Les demandes d’adhésion augmentent chaque année : en 2019, il y a 250 adhérents à Clermont-Ferrand et chaque jour, ils servent en moyenne 20 repas. « La situation actuelle est difficile, les chômeurs et précaires ont augmenté, continue le directeur. Les dotations européennes ont baissé. Il n’y a pas forcément ce qu’il faut dans la banque alimentaire. Avant, on avait des dotations viande (porc, volaille, dinde, poissons), aujourd’hui il n’y a pratiquement plus rien. Mais sans la banque alimentaire, le restaurant et les colis alimentaires n’existeraient pas. Mais les demandes augmentent constamment »
 

La pauvreté augmente à 14,7 % en France 

En 2018, les banques alimentaires ont fait une étude. 
47 ans est l’âge moyen du bénéficiaire de l’aide alimentaire. 40 % ont 50 ans ou plus, et 69 % sont des femmes. Ce sont essentiellement des familles monoparentales (33 %). 88 % des bénéficiaires n’ont pas fait d’études supérieures, et 84 % ont un logement stable. 
Il faut aussi savoir que 71 % des foyers bénéficiaires disposent de moins de 1 000 euros par mois (821 euros en moyenne par mois). 
La part des jeunes semble diminuer, même si la banque alimentaire de Clermont-Ferrand a ouvert une épicerie solidaire en 2018, réservée aux étudiants. « Cette population n’était pas prise en charge jusqu’à maintenant. Esope accueille 600 bénéficiaires. Cette année, 120 tonnes de nourriture devraient être distribuées, contre 60 tonnes en 2018 », reprend Michel Renault. 

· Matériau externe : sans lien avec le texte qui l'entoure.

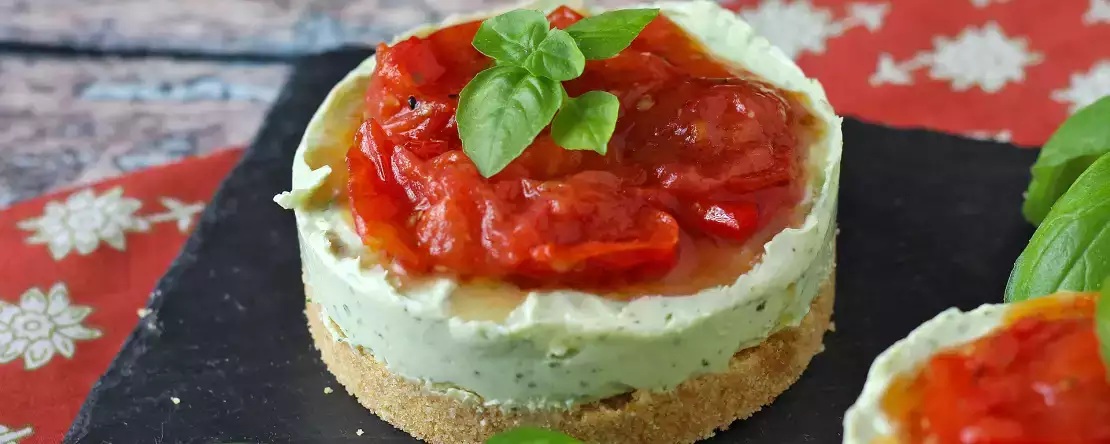 Kleine herzhafte Käsekuchen in Einzelportionen: frisch, cremig und einfach zu servieren – für jeden Anlass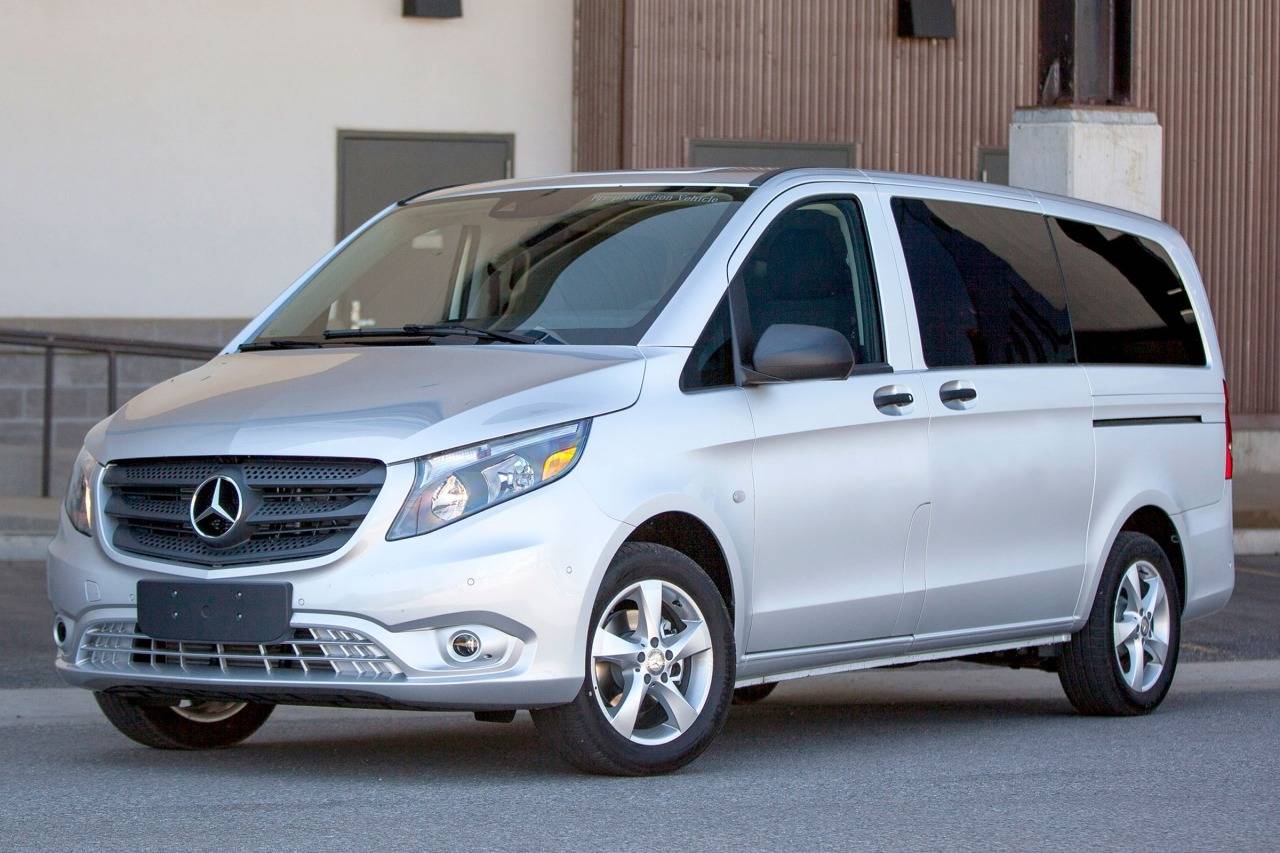 Mercedes Benz Minivan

Il faut rappeler que selon l’Insee, la pauvreté a augmenté en France en 2018 pour atteindre 14,7 % de la population française. Près de 9,3 millions de Français vivent environ avec moins de 1 050 euros par mois pour un célibataire sans enfant. Soit, près de 500 000 de plus qu’en 2017. 

La banque alimentaire de Clermont-Ferrand organise, vendredi 18 octobre, des portes ouvertes pour les bénévoles et pour ceux qui souhaiteraient le devenir. Et la collecte annuelle aura lieu les 29, 30 novembre et 1er décembre dans les grandes et moyennes surfaces de la région.